__WHAT IS REQUIRED__. Exactly reproduce the lines from the one containing "日野 デュトロ 小型 ウィング 2KG-XZU712M(105591) 26枚目" through the last line of the data, both ends included, leaving out pictures.

__GIVEN DATA__.
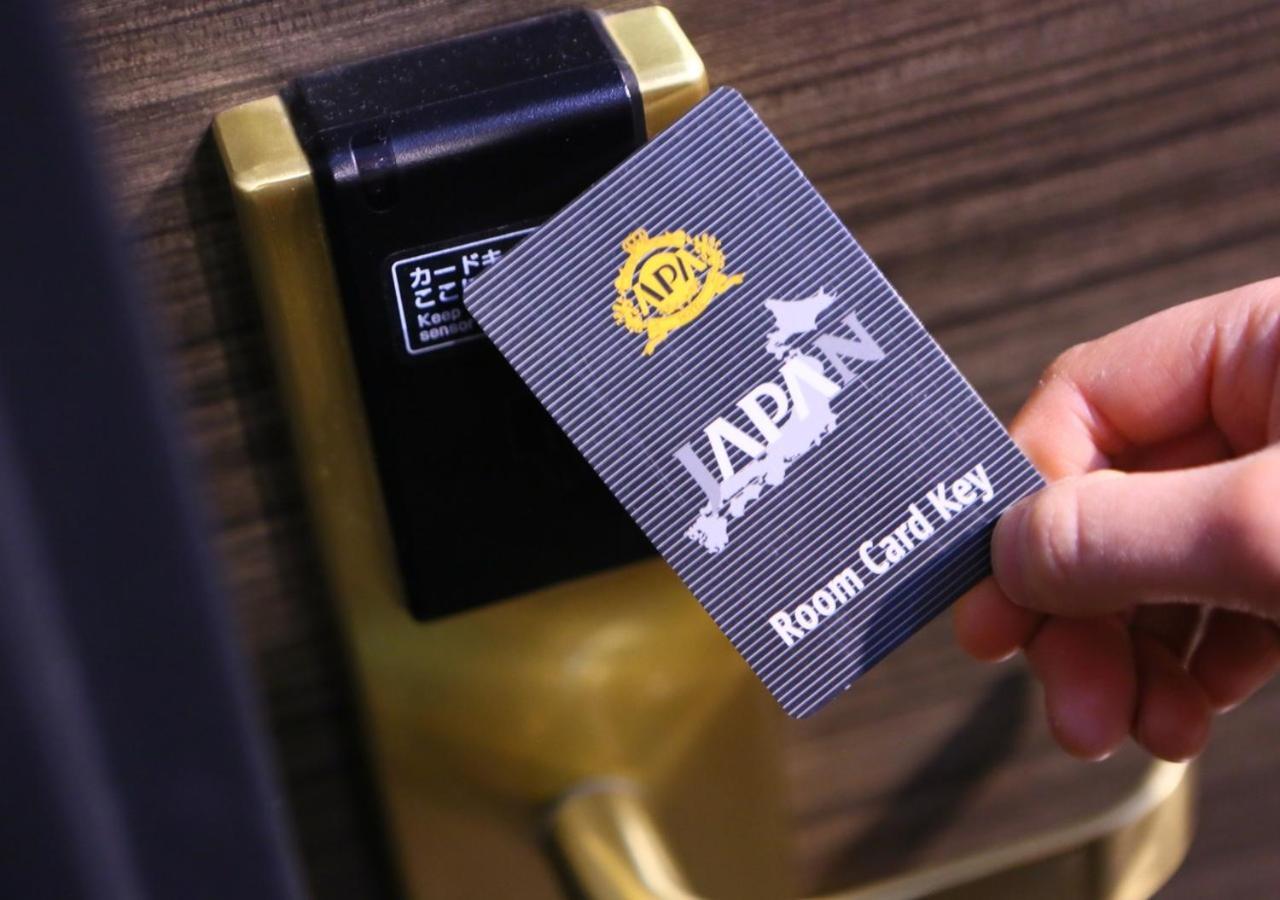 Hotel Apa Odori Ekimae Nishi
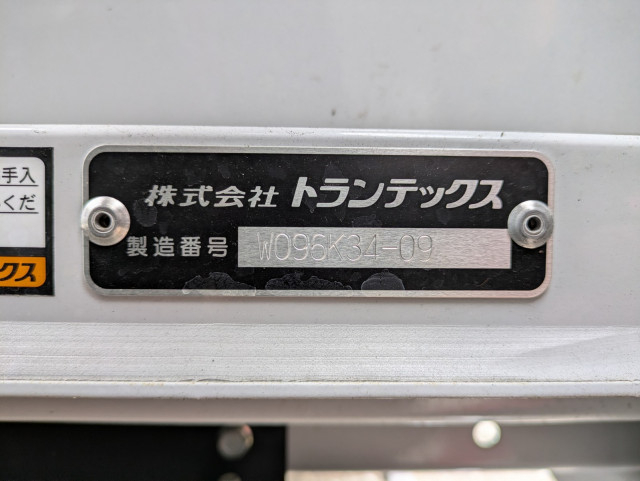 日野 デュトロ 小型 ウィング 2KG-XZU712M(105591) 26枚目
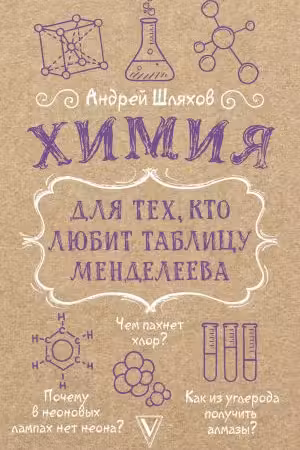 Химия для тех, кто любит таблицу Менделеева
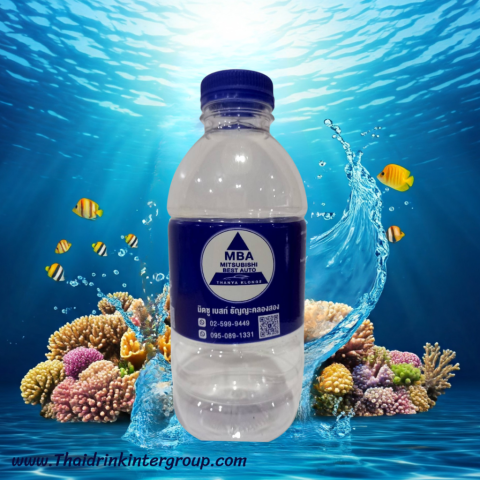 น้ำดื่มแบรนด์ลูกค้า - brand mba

__FINISHED TASK__.
 日野 デュトロ 小型 ウィング 2KG-XZU712M(105591) 26枚目
 Химия для тех, кто любит таблицу Менделеева
 น้ำดื่มแบรนด์ลูกค้า - brand mba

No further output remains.